YOUR TASK –
All that is wanted is the line with "Beyaz arka planda" and each line after it to the end of the data below, set down exactly and without pictures.

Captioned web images
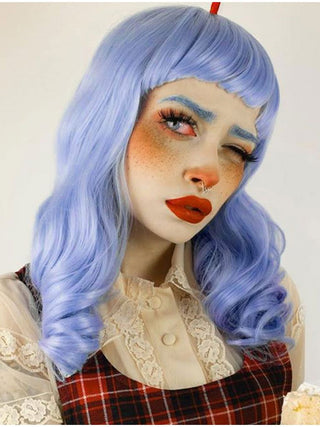 Mid Length Light Blue Wig Curly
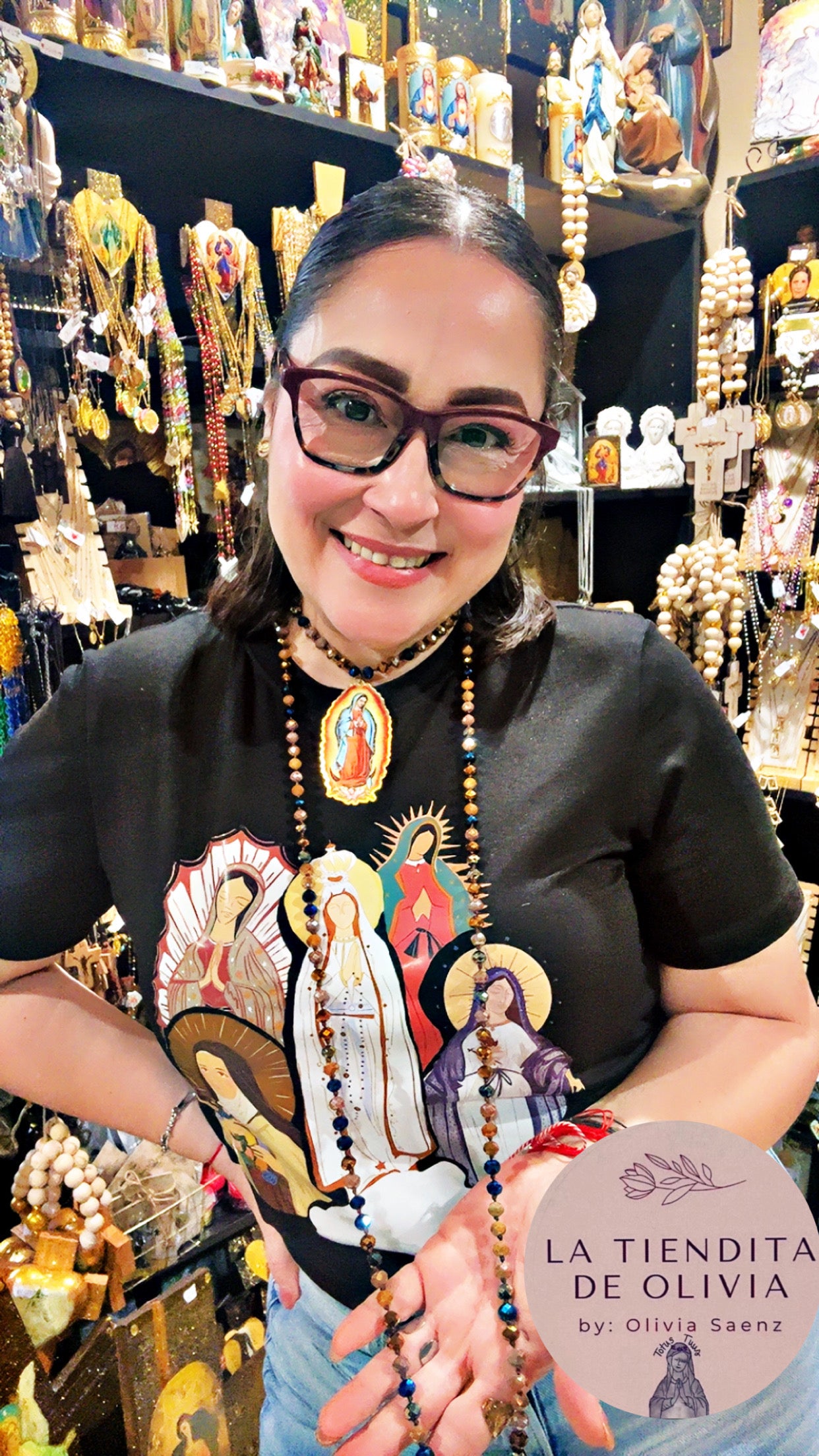 Virgencita de Guadalupe Crystal Necklace - 60” long Color Bronze & Blue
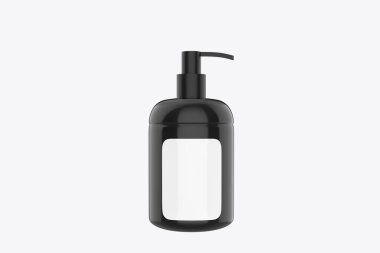 Beyaz arka planda Pompa Mockup izole edilmiş kozmetik şişe. 3d illüstrasyon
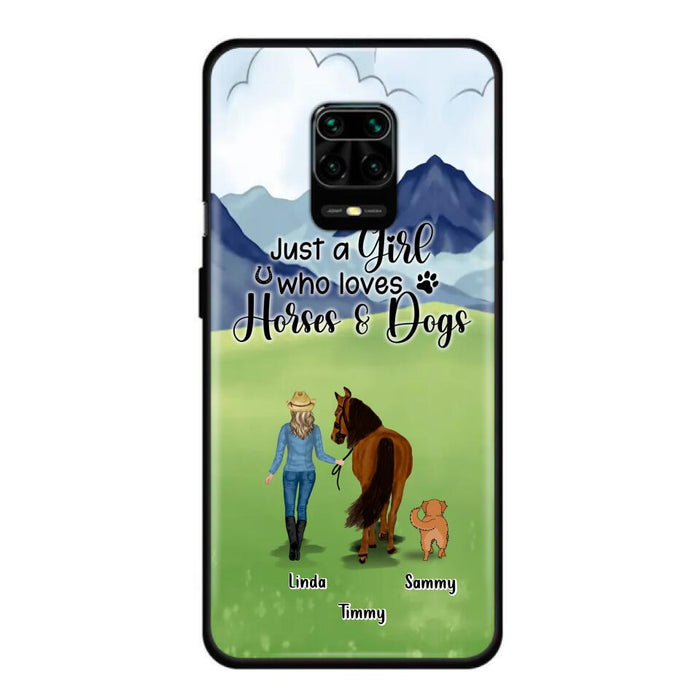 Custom Personalized Horse & Dog Phone Case - Gift Idea For Horse/Dog Lovers With Up To 2 Horses And 4 Dogs - Just A Girl Who Loves Horses & Dogs - Cases For Oppo, Xiaomi & Huawei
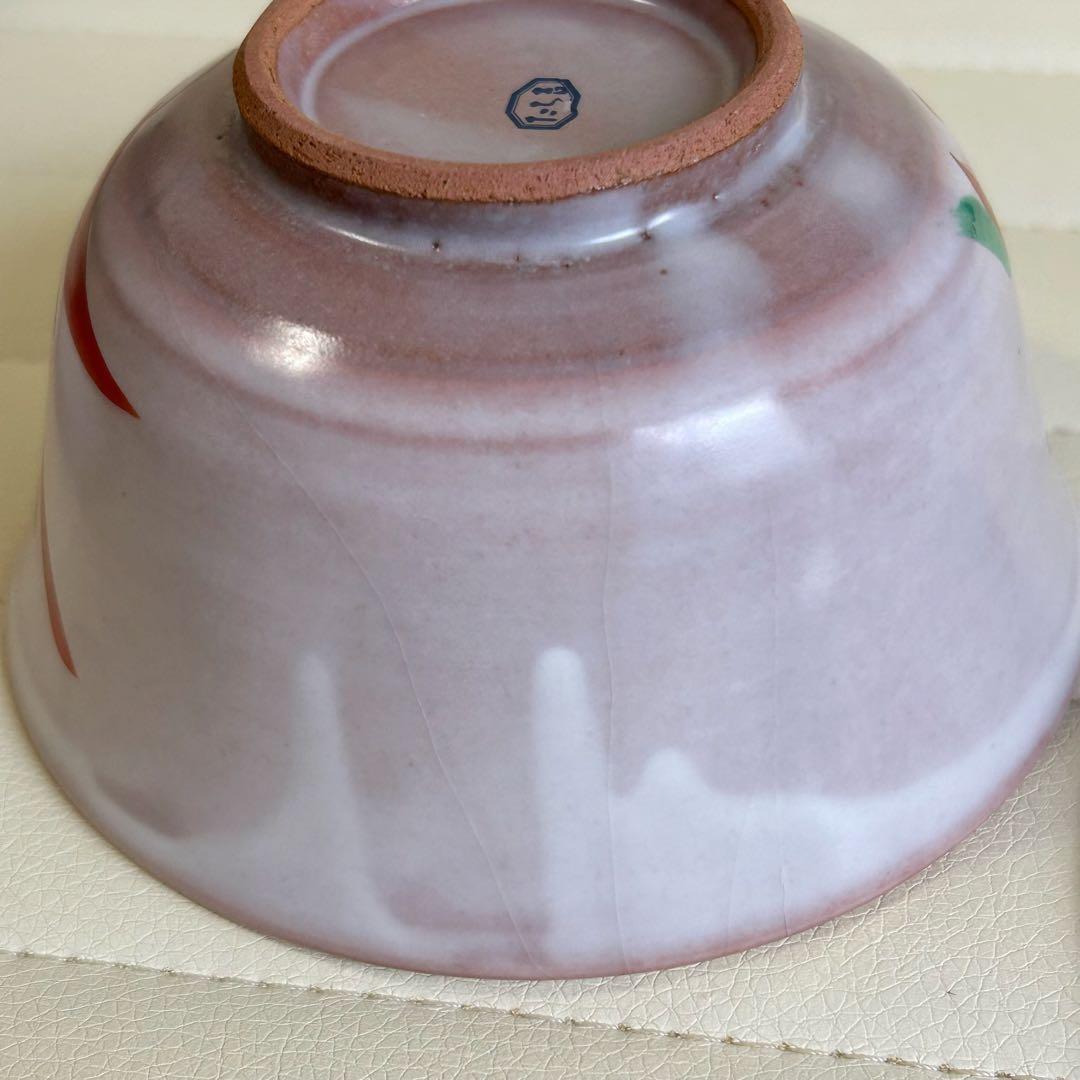 たち吉　萩釉赤絵　蓋付き碗揃　5客セット　飯碗　煮物碗　雑煮碗　土物　ピンク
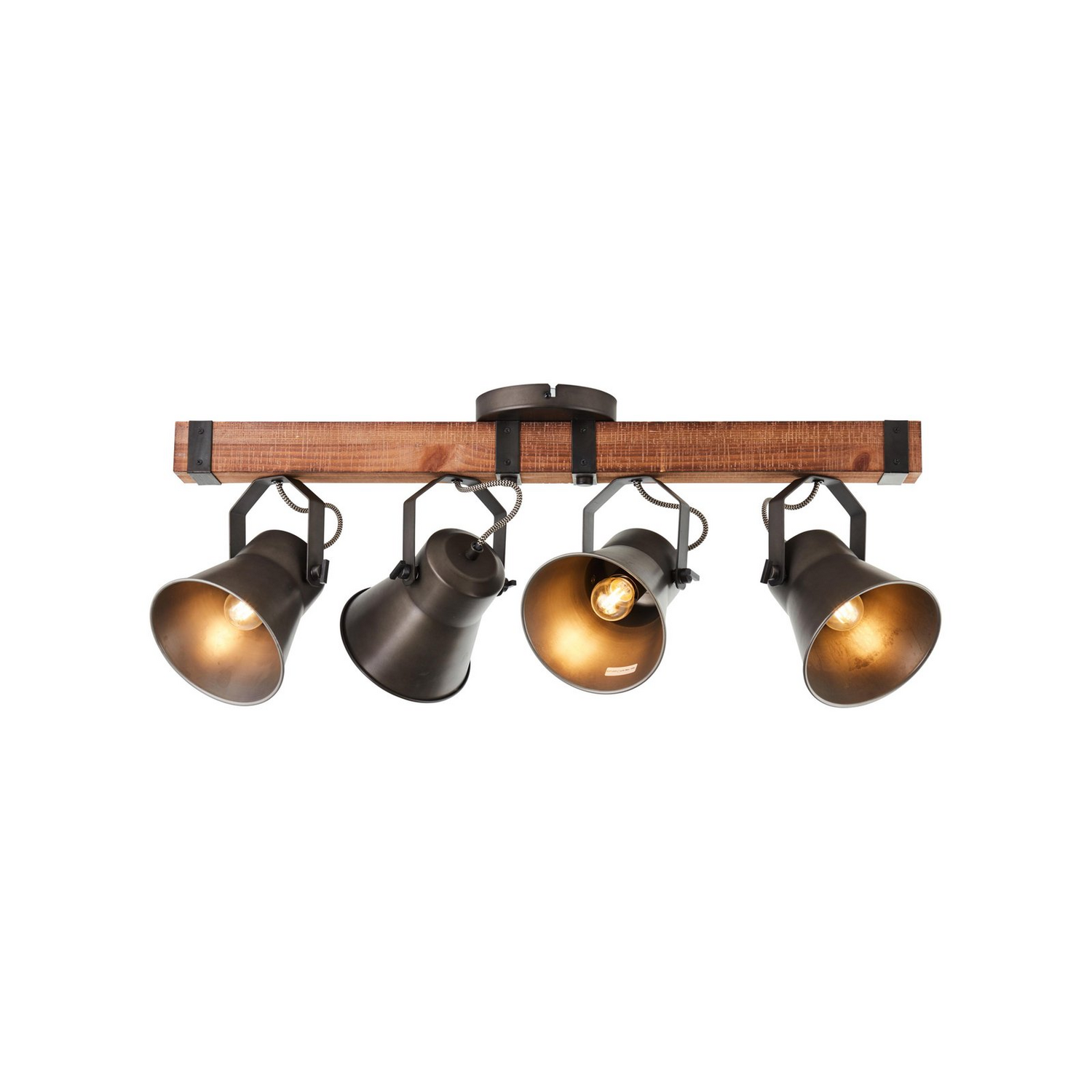 B-Ware Brilliant Deckenstrahler Decca Länge 78 Cm Schwarz Holz Deckenlampe Lampe Spot - 4004353361456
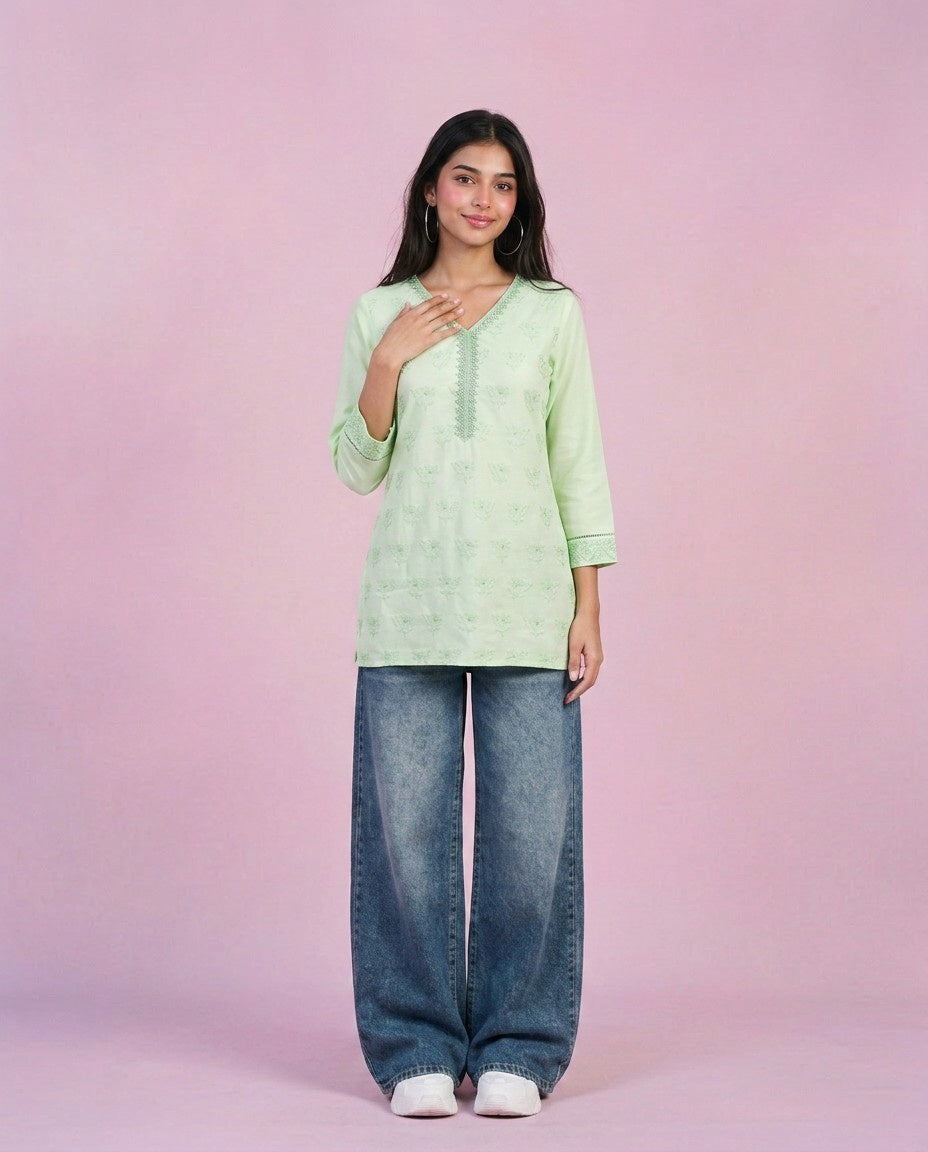 Lime Green Embriodered Cotton Short Kurti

YOUR SOLUTION –
 Beyaz arka planda Pompa Mockup izole edilmiş kozmetik şişe. 3d illüstrasyon
 Custom Personalized Horse & Dog Phone Case - Gift Idea For Horse/Dog Lovers With Up To 2 Horses And 4 Dogs - Just A Girl Who Loves Horses & Dogs - Cases For Oppo, Xiaomi & Huawei
 たち吉　萩釉赤絵　蓋付き碗揃　5客セット　飯碗　煮物碗　雑煮碗　土物　ピンク
 B-Ware Brilliant Deckenstrahler Decca Länge 78 Cm Schwarz Holz Deckenlampe Lampe Spot - 4004353361456
 Lime Green Embriodered Cotton Short Kurti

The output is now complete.